Sgt Tom Dooley, who had no prior involvement in an armed stand-off of any kind, was one of the first people to attempt negotiations with Mr Carthy, the tribunal has heard.
The tribunal is investigating the events surrounding the shooting dead of Mr Carthy by armed gardaí at Abbeylara in April 2000 after he emerged from his house carrying a loaded shotgun.
Sgt Dooley said that some three hours after the start of the siege he received a call from the Emergency Response Unit negotiator, Det Sgt Michael Jackson, who was on his way to the scene.
Det Sgt Jackson instructed him that negotiations should be opened as soon as possible. Sgt Dooley told the tribunal that he took this to mean that he should speak to Mr Carthy. The scene commander, Supt Joseph Shelly, had begun negotiations some minutes previously.
Sgt Dooley said that he had never been involved in an armed stand-off and had no experience of negotiations, but he had "adhered strictly" to Det Sgt Jackson's instructions.
"I told him my name was Tom. I told him nobody had been hurt and that we were there to help."
Mr Carthy responded by firing two shots, he said.
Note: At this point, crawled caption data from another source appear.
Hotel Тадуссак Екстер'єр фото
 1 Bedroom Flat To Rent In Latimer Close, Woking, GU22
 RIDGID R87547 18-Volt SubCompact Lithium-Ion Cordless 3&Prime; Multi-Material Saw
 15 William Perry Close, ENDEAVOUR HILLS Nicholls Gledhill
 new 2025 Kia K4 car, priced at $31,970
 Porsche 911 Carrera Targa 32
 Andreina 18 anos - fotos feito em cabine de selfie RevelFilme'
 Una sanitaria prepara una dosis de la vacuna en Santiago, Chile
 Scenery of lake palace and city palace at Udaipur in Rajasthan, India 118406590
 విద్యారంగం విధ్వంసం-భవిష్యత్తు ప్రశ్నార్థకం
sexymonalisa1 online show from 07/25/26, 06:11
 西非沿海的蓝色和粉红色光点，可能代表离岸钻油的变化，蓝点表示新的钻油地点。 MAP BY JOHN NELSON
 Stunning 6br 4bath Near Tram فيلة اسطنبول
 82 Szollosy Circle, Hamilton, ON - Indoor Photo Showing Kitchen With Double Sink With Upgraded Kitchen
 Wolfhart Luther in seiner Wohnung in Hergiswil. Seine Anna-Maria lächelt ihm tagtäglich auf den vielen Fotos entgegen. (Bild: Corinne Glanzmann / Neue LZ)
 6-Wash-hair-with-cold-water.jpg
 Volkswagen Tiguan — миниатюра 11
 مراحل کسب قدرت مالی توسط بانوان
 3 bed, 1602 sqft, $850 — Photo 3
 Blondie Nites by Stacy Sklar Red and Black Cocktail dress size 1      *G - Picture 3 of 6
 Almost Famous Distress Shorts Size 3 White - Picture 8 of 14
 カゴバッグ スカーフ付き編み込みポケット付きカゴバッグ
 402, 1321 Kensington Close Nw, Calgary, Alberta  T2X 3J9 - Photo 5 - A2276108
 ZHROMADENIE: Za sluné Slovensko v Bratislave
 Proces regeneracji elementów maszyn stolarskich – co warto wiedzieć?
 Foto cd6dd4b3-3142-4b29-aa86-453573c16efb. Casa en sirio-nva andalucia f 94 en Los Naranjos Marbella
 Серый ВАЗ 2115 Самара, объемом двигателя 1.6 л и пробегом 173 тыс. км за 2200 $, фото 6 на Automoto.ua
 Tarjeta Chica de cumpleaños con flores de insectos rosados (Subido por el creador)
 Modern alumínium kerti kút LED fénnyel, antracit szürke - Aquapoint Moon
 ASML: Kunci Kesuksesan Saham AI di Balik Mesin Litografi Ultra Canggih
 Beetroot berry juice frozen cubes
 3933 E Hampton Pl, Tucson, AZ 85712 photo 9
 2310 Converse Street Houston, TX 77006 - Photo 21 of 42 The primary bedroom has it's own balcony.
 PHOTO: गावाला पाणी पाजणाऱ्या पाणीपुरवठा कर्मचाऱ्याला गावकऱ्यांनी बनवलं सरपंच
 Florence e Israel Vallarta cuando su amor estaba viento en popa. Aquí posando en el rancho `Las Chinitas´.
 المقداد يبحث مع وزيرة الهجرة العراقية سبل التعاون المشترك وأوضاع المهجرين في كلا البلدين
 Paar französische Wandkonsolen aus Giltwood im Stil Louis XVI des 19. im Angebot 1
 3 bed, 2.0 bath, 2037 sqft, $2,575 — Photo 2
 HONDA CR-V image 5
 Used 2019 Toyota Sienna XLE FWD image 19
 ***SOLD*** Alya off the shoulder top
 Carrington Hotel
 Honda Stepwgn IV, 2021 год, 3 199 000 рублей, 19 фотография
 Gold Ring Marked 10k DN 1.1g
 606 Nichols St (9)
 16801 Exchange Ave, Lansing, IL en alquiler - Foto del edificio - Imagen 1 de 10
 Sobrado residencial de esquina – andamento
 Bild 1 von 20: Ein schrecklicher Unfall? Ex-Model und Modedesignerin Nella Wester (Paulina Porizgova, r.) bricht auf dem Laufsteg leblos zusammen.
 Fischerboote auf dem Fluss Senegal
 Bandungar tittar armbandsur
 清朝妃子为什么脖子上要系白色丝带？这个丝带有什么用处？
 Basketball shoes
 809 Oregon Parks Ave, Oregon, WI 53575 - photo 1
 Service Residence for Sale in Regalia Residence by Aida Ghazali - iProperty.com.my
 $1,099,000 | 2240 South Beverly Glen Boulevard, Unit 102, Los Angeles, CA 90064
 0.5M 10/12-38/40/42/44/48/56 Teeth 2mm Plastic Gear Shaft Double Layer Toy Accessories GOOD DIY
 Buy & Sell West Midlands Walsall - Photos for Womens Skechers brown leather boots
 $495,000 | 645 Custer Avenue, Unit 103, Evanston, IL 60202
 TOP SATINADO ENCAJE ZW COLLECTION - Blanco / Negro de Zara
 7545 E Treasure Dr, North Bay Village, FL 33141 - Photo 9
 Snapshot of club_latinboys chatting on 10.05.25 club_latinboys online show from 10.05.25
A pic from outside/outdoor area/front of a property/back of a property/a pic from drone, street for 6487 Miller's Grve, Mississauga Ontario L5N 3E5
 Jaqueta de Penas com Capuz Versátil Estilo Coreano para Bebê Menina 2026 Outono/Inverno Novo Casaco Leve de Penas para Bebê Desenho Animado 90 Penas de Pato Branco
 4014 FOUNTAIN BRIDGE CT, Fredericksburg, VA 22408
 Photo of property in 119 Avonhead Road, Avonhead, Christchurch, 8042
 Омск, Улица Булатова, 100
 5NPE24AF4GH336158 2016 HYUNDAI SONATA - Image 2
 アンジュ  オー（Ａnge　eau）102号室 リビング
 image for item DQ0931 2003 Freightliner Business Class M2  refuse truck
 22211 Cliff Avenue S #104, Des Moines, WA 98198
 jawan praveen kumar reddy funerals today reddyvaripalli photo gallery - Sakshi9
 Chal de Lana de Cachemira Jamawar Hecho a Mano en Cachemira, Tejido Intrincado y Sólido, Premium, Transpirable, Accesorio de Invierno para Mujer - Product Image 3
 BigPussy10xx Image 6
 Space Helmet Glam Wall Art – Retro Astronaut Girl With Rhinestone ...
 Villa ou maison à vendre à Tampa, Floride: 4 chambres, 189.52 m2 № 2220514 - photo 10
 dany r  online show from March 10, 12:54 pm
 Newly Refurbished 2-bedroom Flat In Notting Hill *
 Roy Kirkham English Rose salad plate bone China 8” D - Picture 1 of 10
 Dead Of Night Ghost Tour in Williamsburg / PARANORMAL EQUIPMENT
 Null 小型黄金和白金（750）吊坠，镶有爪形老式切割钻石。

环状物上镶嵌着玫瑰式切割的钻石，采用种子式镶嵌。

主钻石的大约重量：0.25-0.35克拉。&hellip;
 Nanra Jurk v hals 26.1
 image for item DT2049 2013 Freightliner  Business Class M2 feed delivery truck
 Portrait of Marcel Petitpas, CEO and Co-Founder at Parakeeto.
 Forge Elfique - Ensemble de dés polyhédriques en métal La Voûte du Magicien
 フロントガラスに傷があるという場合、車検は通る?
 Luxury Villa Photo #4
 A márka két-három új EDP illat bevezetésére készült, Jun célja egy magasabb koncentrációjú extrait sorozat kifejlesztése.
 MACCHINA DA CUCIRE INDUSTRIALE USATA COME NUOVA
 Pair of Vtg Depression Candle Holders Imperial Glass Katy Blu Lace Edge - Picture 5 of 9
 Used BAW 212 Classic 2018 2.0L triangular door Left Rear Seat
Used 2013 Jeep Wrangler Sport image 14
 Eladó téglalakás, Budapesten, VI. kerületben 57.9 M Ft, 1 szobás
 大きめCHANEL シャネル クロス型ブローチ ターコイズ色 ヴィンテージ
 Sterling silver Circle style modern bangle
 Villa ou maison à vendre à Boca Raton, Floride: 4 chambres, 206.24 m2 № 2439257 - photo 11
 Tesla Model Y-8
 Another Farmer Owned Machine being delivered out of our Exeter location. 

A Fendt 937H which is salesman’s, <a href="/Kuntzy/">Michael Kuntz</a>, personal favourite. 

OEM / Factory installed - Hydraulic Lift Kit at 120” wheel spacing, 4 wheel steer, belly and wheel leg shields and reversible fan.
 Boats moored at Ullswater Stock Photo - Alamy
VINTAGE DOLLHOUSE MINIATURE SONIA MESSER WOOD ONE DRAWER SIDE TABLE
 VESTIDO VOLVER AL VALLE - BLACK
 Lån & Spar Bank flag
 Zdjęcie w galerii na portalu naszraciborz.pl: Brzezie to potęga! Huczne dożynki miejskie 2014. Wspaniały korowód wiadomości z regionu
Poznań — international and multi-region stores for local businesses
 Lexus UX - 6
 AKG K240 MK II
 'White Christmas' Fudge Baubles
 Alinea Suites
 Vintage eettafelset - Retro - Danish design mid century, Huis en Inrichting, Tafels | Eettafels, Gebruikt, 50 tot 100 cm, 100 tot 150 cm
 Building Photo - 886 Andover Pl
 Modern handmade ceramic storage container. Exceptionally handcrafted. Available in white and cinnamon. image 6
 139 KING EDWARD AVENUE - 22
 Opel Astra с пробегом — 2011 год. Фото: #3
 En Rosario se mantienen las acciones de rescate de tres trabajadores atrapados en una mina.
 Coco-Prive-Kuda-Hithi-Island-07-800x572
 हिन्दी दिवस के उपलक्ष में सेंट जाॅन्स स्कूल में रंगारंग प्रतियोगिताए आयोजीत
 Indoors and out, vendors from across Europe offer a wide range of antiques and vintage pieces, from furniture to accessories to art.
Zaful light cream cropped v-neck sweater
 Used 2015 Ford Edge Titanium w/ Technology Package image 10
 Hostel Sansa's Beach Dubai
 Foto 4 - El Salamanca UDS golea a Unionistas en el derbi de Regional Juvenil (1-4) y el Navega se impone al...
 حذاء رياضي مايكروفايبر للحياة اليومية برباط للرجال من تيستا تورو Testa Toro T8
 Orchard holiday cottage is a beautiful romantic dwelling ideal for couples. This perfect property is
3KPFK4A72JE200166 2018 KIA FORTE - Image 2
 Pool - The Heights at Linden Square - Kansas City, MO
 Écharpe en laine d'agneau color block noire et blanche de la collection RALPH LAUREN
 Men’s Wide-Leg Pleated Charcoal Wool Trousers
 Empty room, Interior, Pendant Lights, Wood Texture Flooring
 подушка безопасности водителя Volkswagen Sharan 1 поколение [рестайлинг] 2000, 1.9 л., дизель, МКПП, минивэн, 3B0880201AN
An earlier Garda witness told the tribunal that Mr Carthy had discharged a shot when asked if he wished to speak to Sgt Dooley. Garda Michael Faughnan said he heard Supt Shelly tell Mr Carthy that Sgt Dooley was there to talk to him. "When that was said, a shot was discharged from the house."
Mr Carthy remained hostile after Det Sgt Jackson took over negotiations, Garda Faughnan said. "He made no verbal response apart from abusive language."